According to the article the draft law is a response to the use - and sometimes abuse - of Saddam regime documents, quoting Isakander:
"Some documents published in the press named people who were executed, and when, and where," Iskander said. "The didn't conceal the names of the victims."
"We don't have the right to publish the names of the victims and those who committed the crimes," he said. "This is up to them."

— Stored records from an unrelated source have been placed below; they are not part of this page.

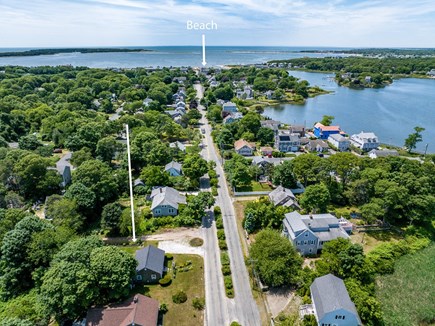 West Yarmouth Cape Cod vacation rental - Standish showing Beach and House location.  3rd House from Rte 28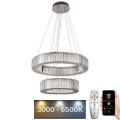 LED Krystalpendel dæmpbar LED/65W/230V 3000-6500K skinnende krom + fjernbetjening
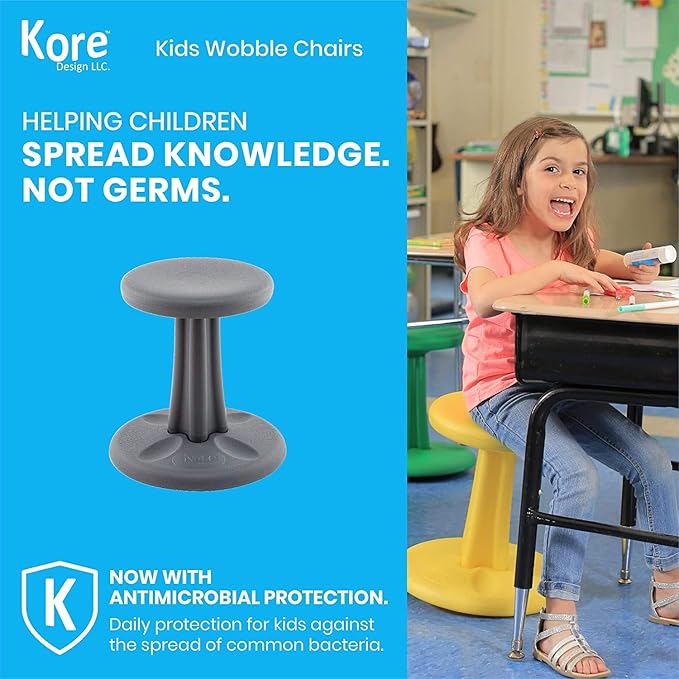 Kore Kids Junior Wobble Chair - Flexible Seating Stool for Classroom, Elementary School, ADD/ADHD - Made in The USA - Junior- Age 8-9, Grade 3-4, Grey (16in) - LeafyLoom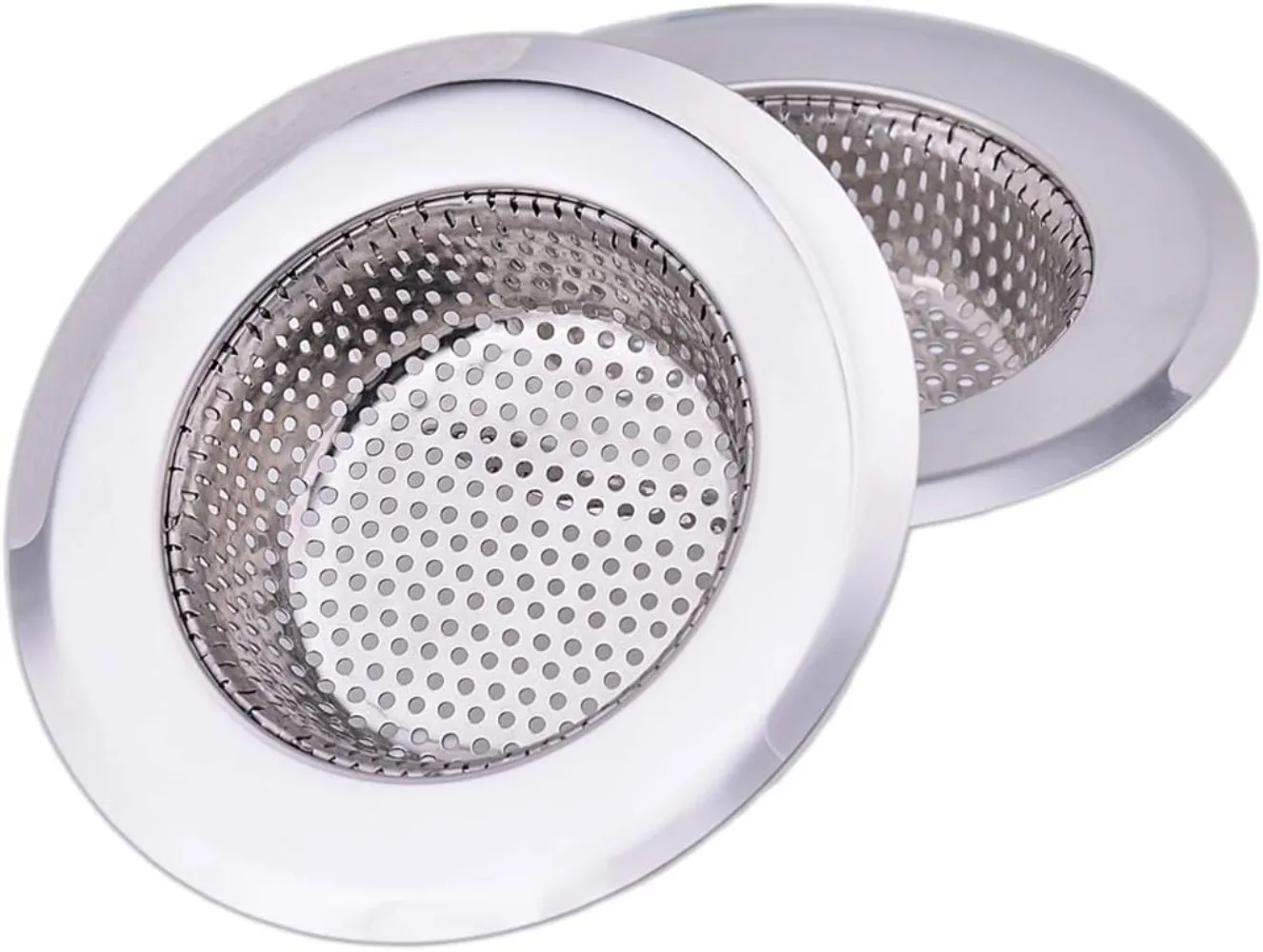 

4.5 Inch Diameter Rim Heavy Duty Stainless Steel Kitchen Sink Basket Strainer, Large (Pack of 2)
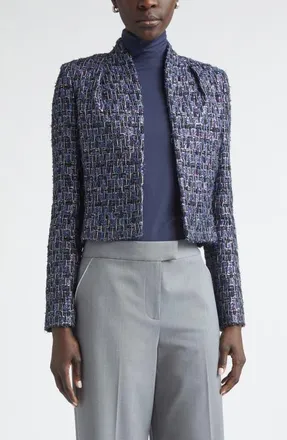 St. John Monmartre Sequin Tweed Jacket in Midnight/garnet Multi at Nordstrom, Size 8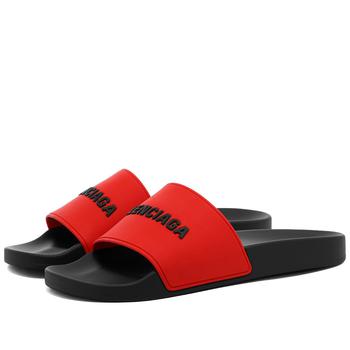 巴黎世家男鞋直邮, Balenciaga | Balenciaga Logo Pool Slide商品图片 8.5折, 满$200享9.5折, 满折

Iskander also condemned the actions of some political parties, which have threatened to release documents allegedly showing candidates from opposing parties were members of Saddam's now-banned Baath party."I also wonder, however, if the draft law could also be related to the recent negotiations with the United States about the return of Iraqi documents in U.S. custody. Whether, for example, as a possible precondition for the return of the documents, the United States has urged Iraq to enact laws to control access to Iraqi records to alleviate concerns that repatriating Iraqi documents could either endanger individuals named in them or otherwise create further unrest or political instability.
The article describes both support for and concerns about the law. Decamme notes that an "Iraqi government spokesman Ali al-Dabbagh said the government would support such a law" and that "Iskander's proposal is also viewed kindly within the secular, Sunni-backed Iraqiya bloc, which saw some of its candidates face bans in the run-up to 2010 parliamentary polls over allegations of Baathist ties." At the same time, the article notes that "others warn that the proposed new law could place limits on freedom of the press":
"How can we remain silent when we see a document about former Baath party members which carries information about a genocide?" asked Ziad al-Ajili, the head of the Journalistic Freedoms Observatory, an Iraqi watchdog.
"Remaining silent is a crime. The crime is not to publish these documents," Ajili said.The draft law is significant news, but its extent and possible impact is unclear from the limited information in the article which indicates that the AFP did not have the full details of the law noting that Iskander "declined to reveal the details as the draft was still under review."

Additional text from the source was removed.